I am continuously amazed at how many brilliant people there are, that do fantastic things, that do not bring in anywhere near what their value is. Look no further than open source, there's people that write important software begging for scraps while flashy startups get showered with money if they yammer the right buzzwords.

There are certain people that don't want to hear this, but being a leader and visionary is, in practice, a more valuable asset than the cumulative technical skills.

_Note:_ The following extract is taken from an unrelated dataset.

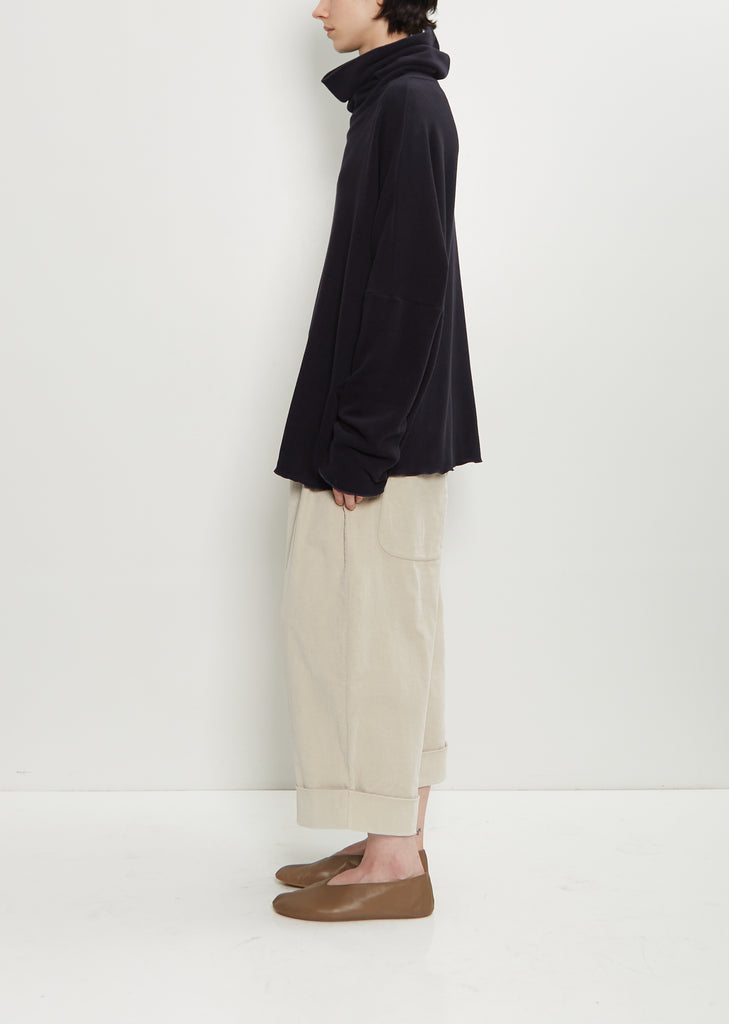 Stretch Jersey Turtleneck Sweater — Black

Yeah, this is something which FUTO really made me aware of. That this Facebook was built on top of an entire ecosystem of open source tools and yet these tools like PHP and Apache will get not even a fraction of the wealth which Zuckerberg now has. And if you think about what he built in comparison to what PHP and Apache are, it's such a thin layer. So somewhere we are getting the distribution of economic reward wrong in our current system and we need to sort of shift it towards some of these great hackers who are actually doing the work.


When Starbucks sells a cup of coffee who makes more money? Starbucks or the coffee farmer?

This is the same thing. Businesses that are closer to the consumer make more money than their suppliers.


This is a completely false equivalence. While the coffee farmers do deserve to get paid more Starbucks is also doing an incredible amount of supply chain management, making sure that the stores work and they are also employing a bunch of more people and they're getting a bunch of things in place for that coffee to be sold.


This isn't always true - dropshipping is being a sharecropper of a manufacturer. Enterprise software that most people will never touch has wildly better margins than consumer software like Spotify.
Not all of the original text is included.